As this brief survey indicates, there are significant technical challenges associated with assessing the quality of genomic sequence data. However, these challenges can and must be met. In addition to the scientific rationale for meeting them, which was discussed above, there is a strong managerial rationale for adopting a quality-first credo for the Human Genome Project. The central managerial challenges now facing the Project are to choose strong genome centers to do the sequencing, to encourage them to implement well chosen production methods on a large scale, and to control costs. None of these challenges can be rationally approached without adopting stringent quality standards now. Decisions about the relative merits of different data production processes can only be made in the context of a well-defined goal. The alternative is to build raw data collection capacity with no assurance that this capacity can ever produce high-quality sequence at a practical cost.

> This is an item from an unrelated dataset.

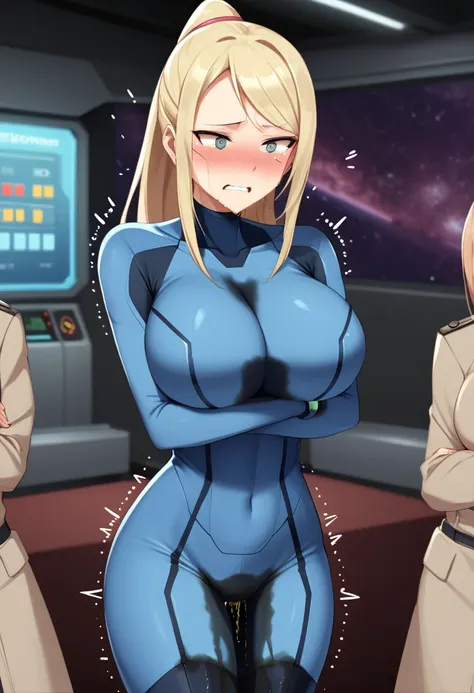 (high quality,Very detailed:1.37, High resolution), Woman, (mature:2.0), Samus Aran, Zero Suit, large breasts, (wetting herself:1.5), standing, (arms crossed:1.5), (embarrassed:1.5), (humiliation:1.5), (constricted pupils:1.5), (sweating:1.5), shaking, (tr...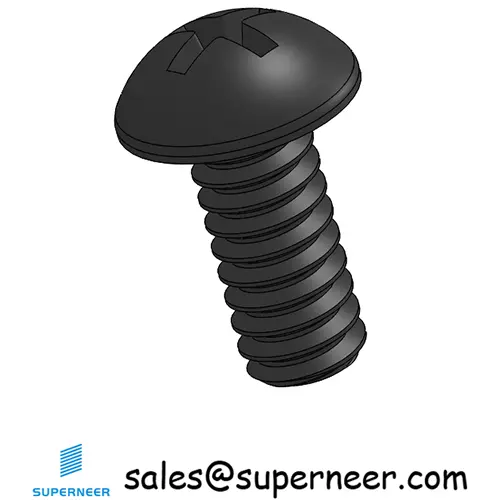 10-32 x 7/16" Round Head Phillips Machine Screw Steel Black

Cost will almost certainly emerge as the main driver of technical, managerial, and policy decisions about large-scale sequencing. Costs cannot be controlled until they are reliably measured, and they cannot be measured in an environment that encourages indefinite deferral of large and unknown costs. It will only become practical to define costs meaningfully if we shorten the time lag between raw-data collection and the production of finished sequence meeting high contiguity, accuracy, and genome-fidelity standards. In such an environment, constructive competition between data production centers will lead to meaningful cost reductions. It will also provide solid experience about cost–quality tradeoffs. We may ultimately find that aspects of our current quality standards have unfavorable cost–benefit ratios. However, we should start by aiming high. In this way, we will push the technology in the right directions, put the Human Genome Project on solid managerial footing, and maximize the chance that the Project’s legacy will be a sequence that will meet the test of time.